En la historia perversa de la vida universitaria del Perú, hay dos víctimas silenciosas: los profesores universitarios y el conocimiento. Ambos elementos en estrecha relación. El catedrático, expuesto a una precariedad laboral extrema, donde la urgencia por ganarse la vida dignamente le obliga a llenarse de horas de dictado en diferentes casas de estudio, sin la menor garantía de que esos ingresos se mantengan en el tiempo. Esta carga horaria que no toma en cuenta la elaboración de clases ni la evaluación de los alumnos, multiplica la labor docente de forma exponencial. ¿Qué tiempo le queda para investigar, a fin de profundizar en su ciencia o en su tekné?
La otra víctima silenciosa es el saber teórico y aplicado. Si se reduce al profesor universitario a la condición de “dictante clase”, ¿en qué momento tendrá tiempo para producir conocimiento? ¿Cómo se espera que el maestro universitario pueda crear saber si su esfuerzo está orientado a ganarse la vida acumulando y acumulando horas de enseñanza? He ahí una de las razones (no la única) porque la universidad peruana se encuentra particularmente rezagada respecto de otras experiencias universitarias de Latinoamérica y del mundo. Es casi imposible formular conocimientos nuevos si no hay condiciones materiales e institucionales para dicha formulación.

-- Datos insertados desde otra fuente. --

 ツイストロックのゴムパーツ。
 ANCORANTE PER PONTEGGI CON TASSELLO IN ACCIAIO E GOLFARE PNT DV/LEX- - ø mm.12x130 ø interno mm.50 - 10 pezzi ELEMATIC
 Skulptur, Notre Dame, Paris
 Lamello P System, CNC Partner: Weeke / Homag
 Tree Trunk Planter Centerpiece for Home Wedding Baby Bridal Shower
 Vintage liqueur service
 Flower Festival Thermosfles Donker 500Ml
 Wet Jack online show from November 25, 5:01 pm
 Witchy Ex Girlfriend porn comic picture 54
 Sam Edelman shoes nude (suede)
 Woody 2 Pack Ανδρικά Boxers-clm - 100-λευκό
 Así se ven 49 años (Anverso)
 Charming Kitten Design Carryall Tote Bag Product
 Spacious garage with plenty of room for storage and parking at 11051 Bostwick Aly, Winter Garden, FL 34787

De ahí que sea una insensatez pretender que el profesor universitario pueda investigar con tranquilidad bajo esas condiciones de explotación. La indagación académica requiere de un ecosistema que le sea propicio: tiempo para investigar, contactos académicos a nivel local e internacional, participación en simposios y congresos, acceso a revistas, posibilidades para escribir y publicar. Todo ello le permite al catedrático evaluar su propio desempeño intelectual y contrastarlo con otras experiencias. Ciertamente, si un profesor universitario tiene el tiempo y el espacio para producir saberes, su incidencia positiva en el aula será mucho mayor.
Pero los “apóstoles” de la universidad empresa, insisten -con ingenuidad- que, bajo la presión explotadora, el profesor universitario está en condiciones de producir conocimiento. O que, atiborrando las aulas de alumnos, la calidad de la institución universitaria es posible bajo determinadas técnicas pedagógicas, bastante elementales. Bajo premisas antiacadémicas, desconocen la seriedad y profundidad de lo que está en juego en la universidad. Estos “apóstoles” no se dan cuenta que, en la vida universitaria, en términos transversales, se define el futuro de un país.
La institución universitaria peruana, en su gran mayoría, no está dirigida por un cuerpo académico de científicos y de humanistas. Más bien es conducida por profesionales con algunos niveles de instrucción, pero carentes de una visión intelectual de la universidad. Esa limitación no les permite asumir la gravedad de la situación de los egresados de la peor secundaria del hemisferio occidental. Tampoco les permite entender que solo un claustro de docentes, formado en una perspectiva amplia y compleja del saber, eleva la condición académica de los estudiantes. Asimismo, esa enorme limitación formativa, les lleva a considerar al catedrático como un operario, que debe ser explotado en términos de rendimiento económico. Mientras esta situación persista la “muerte académica” de nuestro país seguirá siendo un tópico común.